**EXERCISE DETAILS**.
From the first line to the last, restate the material word for word; pictures stay out.

********

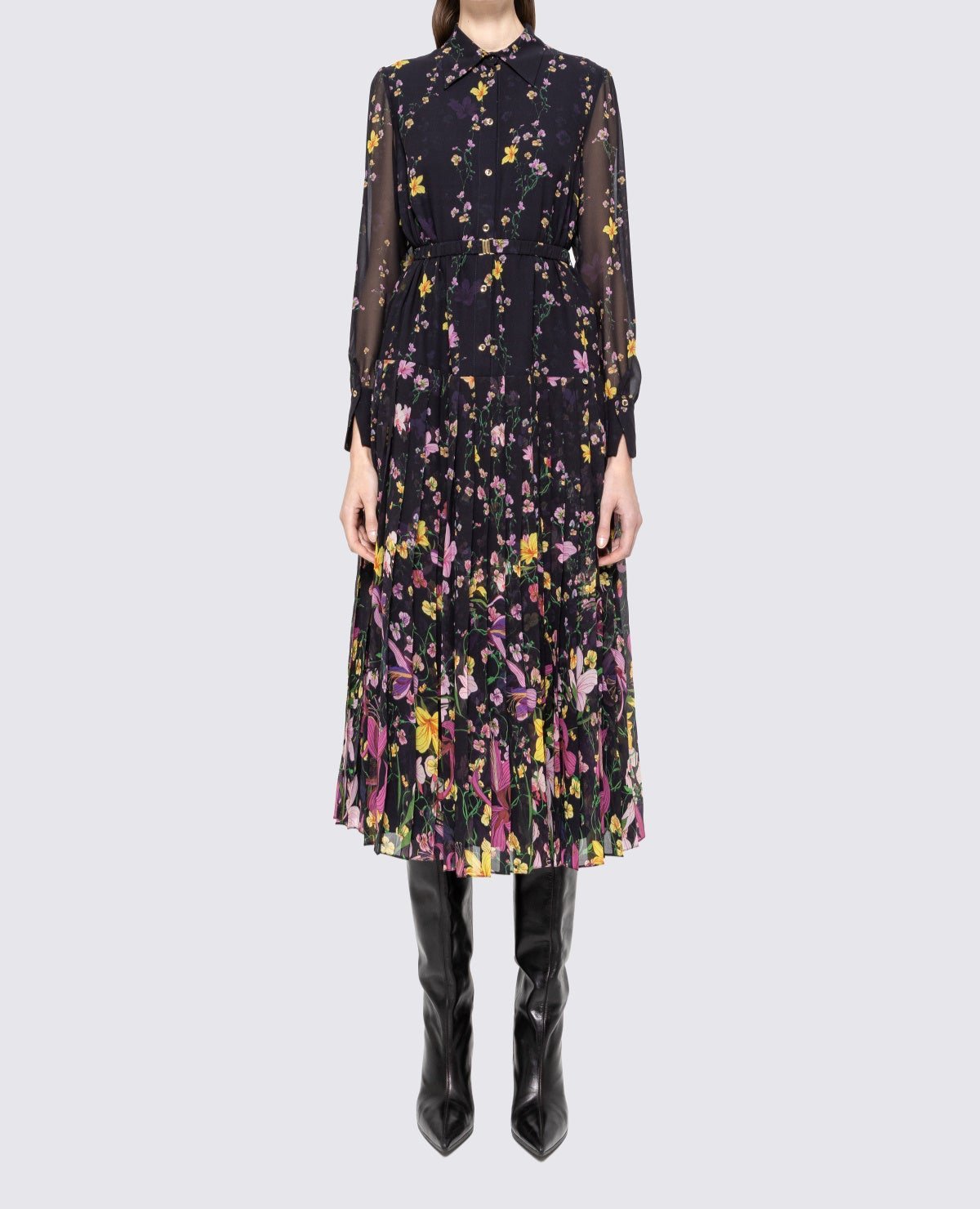 Model wearing black floral collared midi dress with belt, button front and pleated skirt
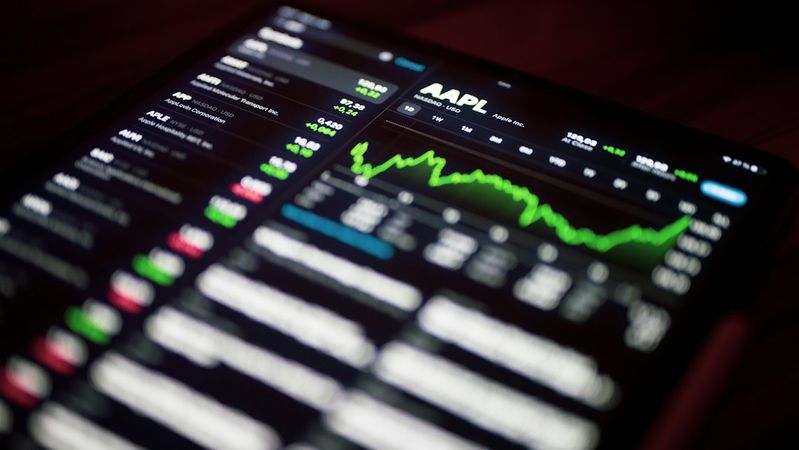 The image shows a close-up of a tablet screen displaying stock market data, with an emphasis on the stock performance of Apple Inc. (AAPL). Various stock prices and charts are visible, indicating active trading activity.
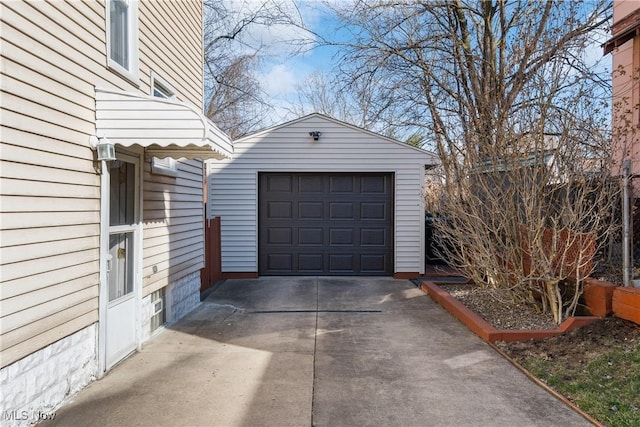 detached garage featuring driveway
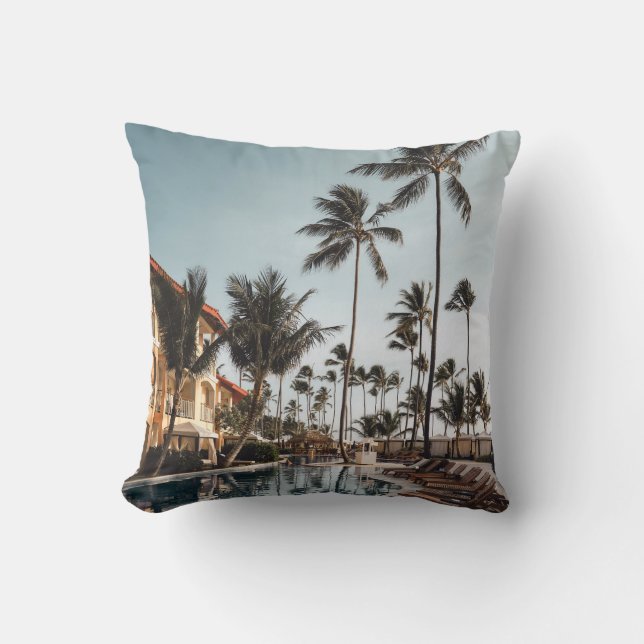 Brown wooden lounge chairs near pool surrounded by cushion (Front)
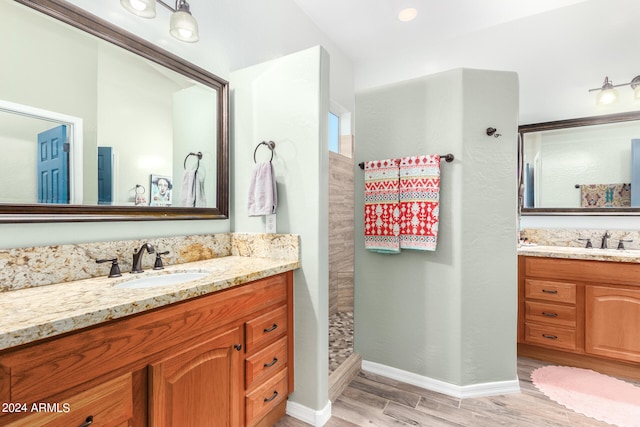 bathroom with vanity, walk in shower, and hardwood / wood-style floors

********

**REPLY**.
 Model wearing black floral collared midi dress with belt, button front and pleated skirt
 The image shows a close-up of a tablet screen displaying stock market data, with an emphasis on the stock performance of Apple Inc. (AAPL). Various stock prices and charts are visible, indicating active trading activity.
 detached garage featuring driveway
 Brown wooden lounge chairs near pool surrounded by cushion (Front)
 bathroom with vanity, walk in shower, and hardwood / wood-style floors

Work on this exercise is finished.